How do you scale a cloud bigtable database if more queries per second are needed?

In today’s series we are going to dive-deep into Bigtable. We will follow our usual strategy of defining the service, looking at when to use it and going through it’s history and how it compares to other products. After covering BigTable’s background, we’ll jump into the core technology, it’s elasticity and approach to security, cost and disaster recovery.

Introduction

Bigtable is a petabyte-scale, high-throughput, fully managed, scalable NoSQL database. It’s a key-value store. Ideal for gaming, ad-tech, IoT and many other applications that need high read and write, up to 10 MB/s throughput, at a consistently low, sub-10ms latency.
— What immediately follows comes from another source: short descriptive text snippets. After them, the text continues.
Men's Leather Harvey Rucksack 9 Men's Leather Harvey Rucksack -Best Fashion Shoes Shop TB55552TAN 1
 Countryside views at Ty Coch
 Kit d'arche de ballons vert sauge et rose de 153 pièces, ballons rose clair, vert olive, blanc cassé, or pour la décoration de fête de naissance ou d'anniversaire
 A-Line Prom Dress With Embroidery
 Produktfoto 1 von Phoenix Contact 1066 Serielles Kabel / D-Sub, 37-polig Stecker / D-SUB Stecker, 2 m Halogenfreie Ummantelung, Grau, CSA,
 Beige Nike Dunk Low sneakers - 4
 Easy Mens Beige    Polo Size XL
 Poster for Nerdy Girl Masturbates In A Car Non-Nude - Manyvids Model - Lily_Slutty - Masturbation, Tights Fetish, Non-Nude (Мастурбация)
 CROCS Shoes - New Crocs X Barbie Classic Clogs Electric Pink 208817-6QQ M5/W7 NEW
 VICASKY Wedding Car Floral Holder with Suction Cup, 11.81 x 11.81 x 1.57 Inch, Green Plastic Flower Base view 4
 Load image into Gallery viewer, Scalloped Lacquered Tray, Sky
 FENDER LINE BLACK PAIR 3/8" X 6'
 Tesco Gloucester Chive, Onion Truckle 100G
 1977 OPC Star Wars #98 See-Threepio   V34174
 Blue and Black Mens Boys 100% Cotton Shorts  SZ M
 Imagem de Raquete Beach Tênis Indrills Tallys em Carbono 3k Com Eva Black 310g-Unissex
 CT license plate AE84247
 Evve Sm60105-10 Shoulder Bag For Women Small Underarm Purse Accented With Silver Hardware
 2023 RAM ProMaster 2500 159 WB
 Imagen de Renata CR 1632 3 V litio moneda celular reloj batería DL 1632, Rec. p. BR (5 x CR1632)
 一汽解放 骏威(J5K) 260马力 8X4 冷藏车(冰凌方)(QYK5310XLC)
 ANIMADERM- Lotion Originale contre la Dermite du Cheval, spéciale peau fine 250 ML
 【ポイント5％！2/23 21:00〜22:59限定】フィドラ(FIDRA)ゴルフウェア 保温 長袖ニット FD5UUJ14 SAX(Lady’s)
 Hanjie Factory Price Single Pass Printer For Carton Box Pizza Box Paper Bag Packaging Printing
With out-of-the box integrations with both streaming products, such as Dataflow Streaming, Spark Streaming, or Storm, and batch products, such as Hadoop MapReduce, Dataflow, or Spark, Bigtable is the perfect companion for your big data applications. In addition, you will also see it as a backend for other database products such as GeoMesa, JGraphDB, JanusGraph, Heroic and OpenTSDB, or being used in Cloud Datastore to persist indexes.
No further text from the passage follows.